I have an 8x4 tent and I'd like to get air cooled lights to help keep temps down, but my vents at the top are not centered, so I would have to kind of have the ducting at an angle. Will this cause a significant issue pulling air through at the required cfm or will it work out okay?


----------



## Locked (May 12, 2015)

I always ran my Cool Tube with the venting going through one of the top side vents not the top vents.  I still run it that way but I am running all LED so no hoods to cool. I just exhaust the warm tent air out and let the cooler fresh air go in the passive intakes at the bottom of the tent.


----------



## pcduck (May 13, 2015)

I have no problem and I have the duct work looped so that I can raise and lower the lights.


----------



## Hushpuppy (May 20, 2015)

I have found that when air is pulled out through ductwork, it is less problematic with having bends in the duct than if the air is being pushed. That is why I mount my exhaust fans closer to the final exit to outside and let it pull the air through the rest of the duct and lights, (and filters) first. The centrifugal fans are like vacuum cleaner blowers in that they produce a very strong suction(aka negative pressure). The duct fans are worse than worthless for ventilation of grows. Be sure to match the exhaust fan with the cubic space so that you are able to get close to the ability to replace the total air mass in the grow room at least once every minute for good heat removal.


----------



## LostSoul (May 20, 2015)

It can be a problem with 90°angles apparently but my tent has 3 of them with 125mm ducting and an inline fan and I get by alright. 

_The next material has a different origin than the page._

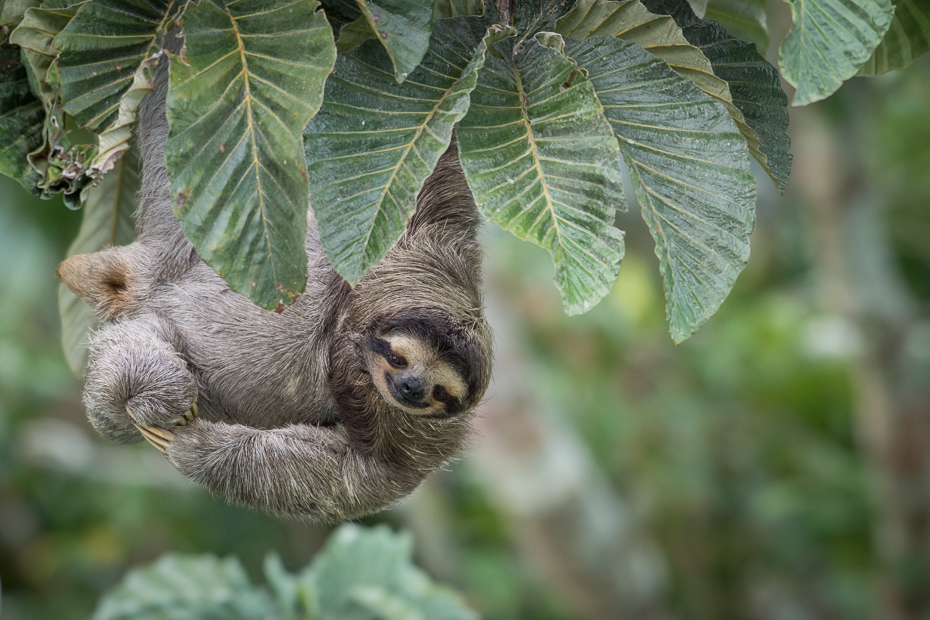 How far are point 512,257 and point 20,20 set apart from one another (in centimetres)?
498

The major problem I had was with sucking the air through the hood because the smell escaped through tiny holes in the creases of the ducting.  Now it's blowing instead it's all right.


----------



## The Hemp Goddess (May 20, 2015)

I agree with Hushpuppy.  Pull the air through the ducting and mount the fan near the end of the duct run.  My fan is located in the crawl space.  In the summer, the air ius vented outside through one of the foundation vents.  In the winter, it stays in the crawl space to help warm the air.  Use good ducting and you will not have problems with holes in the ducting.  I really recommend insulated ducting like they use in HVAC--it is quieter also.  Pushing air through is going to allow a lot more odors to escape than if you are pulling the air through--negative pressure keeps the smells contained--blowing the air blows them out and small cracks or holes.


----------